Molokhiya is a fast growing annual in the hibiscus (Malvaceae) family.  It is closely related to the jute plant, which is used for making rope.  It originated in the marshes along the Nile River.  It is enjoyed wherever it is commonly grown, which includes parts of the Middle East and Asia.  It can be eaten raw or juiced, but is usually made into a thick soup.

Molokhiya leaves – 3 cups
Coconut oil – 2 tbsp
Onion – two small onions finely chopped
Water – 6 cups
Red wine vinegar – 1 tbsp
Cinnamon stick (optional)
Garlic – 3 cloves
Cilantro – a handful – finely chopped
Lemon – strained juice of one lemon
Coriander (fresh or dried)
Bags of pita chips

Basmati rice – cooked

Mix one onion with the vinegar and set aside.

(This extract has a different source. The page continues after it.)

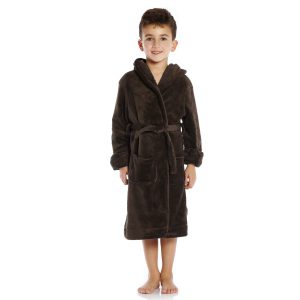 Kinder Fleece Kapuze Robe neutrale feste Farbe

Sauté the other onion in 1 tbsp oil till golden brown.
Add the water and a cinnamon stick if you are using it and the salt.
Add the chopped molokhiya and the lemon juice.
Bring to boil and then simmer for 45 minutes

While the molokhiya is simmering saute the garlic, cilantro, and coriander, in the rest of the oil.
Add to the molokhiya after 45 minutes and simmer for another half hour.

Put pita chips on bottom of bowl.  Put rice on top of pita chips. 
Put molokhiya on top of rice, then, then more rice and then more molokhiya on top
Top with the chopped raw onion in vinegar.